Let your older or injured dog stay inside. Older dogs and particularly dogs with arthritis should not be left outside under any conditions. Take your dog outside for toileting and if the yard has snow or ice, use a leash since he can easily slip and hurt himself.
Keep an eye out for signs of frostbite and injury. Frostbite causes serious damage to a dog’s extremities, such as his ears, paws and tail. Here is what you should do if you suspect your dog may be getting frostbitten: Take him into a warm place right away. Soak the affected area in lukewarm water for 20 minutes and contact your veterinarian immediately. If your dog plays on ice or hard, frozen dirt, his paws are susceptible to cuts as they slide across these rough surfaces. Watch for chewing at his paws during long walks or periods of play. Always wipe your dog’s feet after a walk in the snow to remove ice, snow melt and salt deposits from the road (salt irritates a dog’s paws and can be toxic if ingested). Be sure to clean any ice balls from between his paw pads.
Watch out for hypothermia. Look for signs that your dog may be getting overly cold when he is outdoors. If he begins to whine or you notice extreme shivering, lethargy, or low heart rate, immediately take him into a warm place, cover him with a light blanket and call your veterinarian.
Offer a protective shelter. If your dog stays outside in the winter; check that his kennel meets minimum safety criteria. Face the house away from the weather and put a flap on the door. Be sure the house is raised several inches off the frozen ground or concrete. Place straw or wood shavings on the floor and change the bedding daily to keep it dry. Don’t use blankets, which get wet from snow and will chill your dog. The kennel should be large enough for your dog to sit and stand, but small enough so his body heat will be retained.

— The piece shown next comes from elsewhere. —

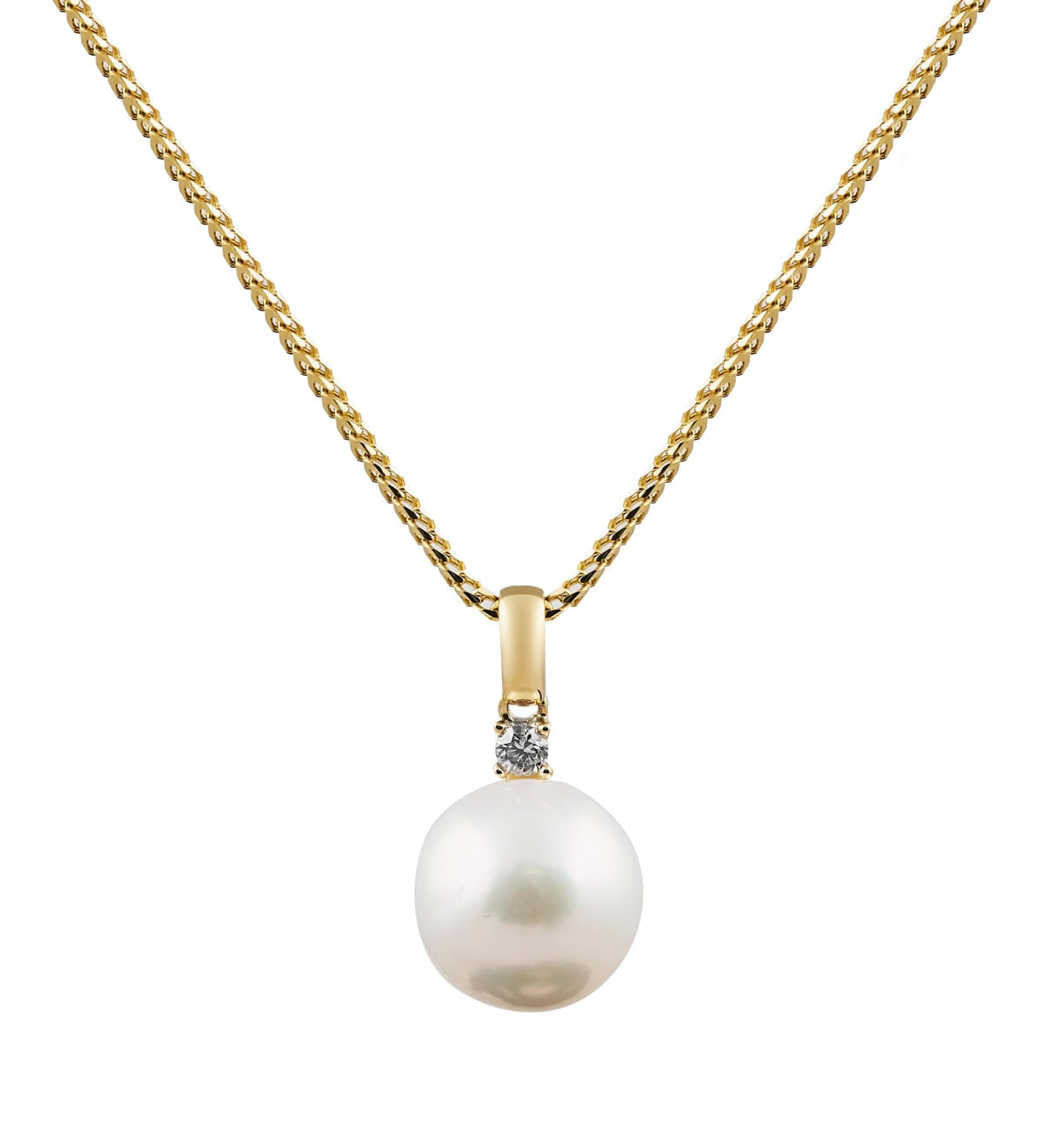 Pearls: Classic Beauty for the Modern Era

Provide fresh water. If you have a water bowl outside, make sure it is a plastic to ensure your dog’s tongue does not get stuck to cold metal and change the water often to keep it from freezing.

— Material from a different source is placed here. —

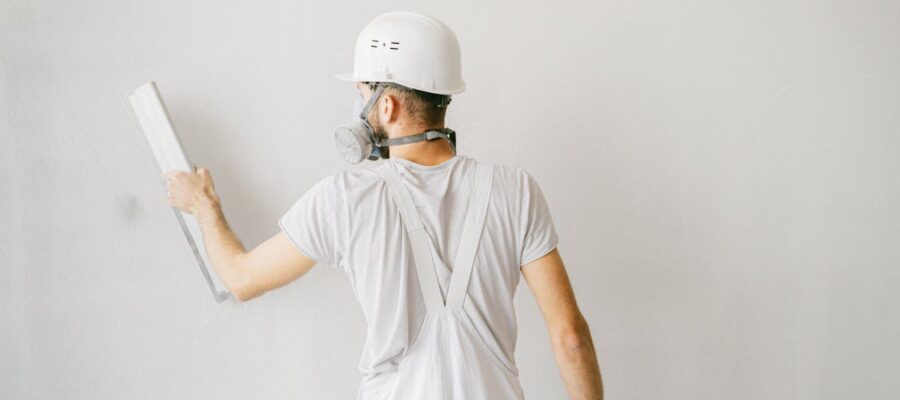 découvrez le plasterboard (plaques de plâtre) : cloisons et plafonds, isolation performante, pose facile, conseils de choix et bonnes pratiques.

Give your dog an appropriate amount of food. An active dog in winter will burn more calories in the cold and needs a little more food to compensate. If he is less active in winter, avoid allowing him to gain extra weight. Decrease his food, a little and be sure to take him out for walks and playtime.
Keep up with your dog’s training during winter months. Dogs that spend less time outside during the winter may become lethargic or, in some cases, hyperactive. The best way to keep your dog active or encourage him to spend excess energy is to make him think and to use his brain. Provide 10-15 minutes of training daily on basics such as door boundaries, coming when called, and controlled walking to energize the lethargic dog and tire out the hyperactive dog. You could also provide your dog with a toy such as a Kong™ or Buster Cube™ to keep him busy indoors.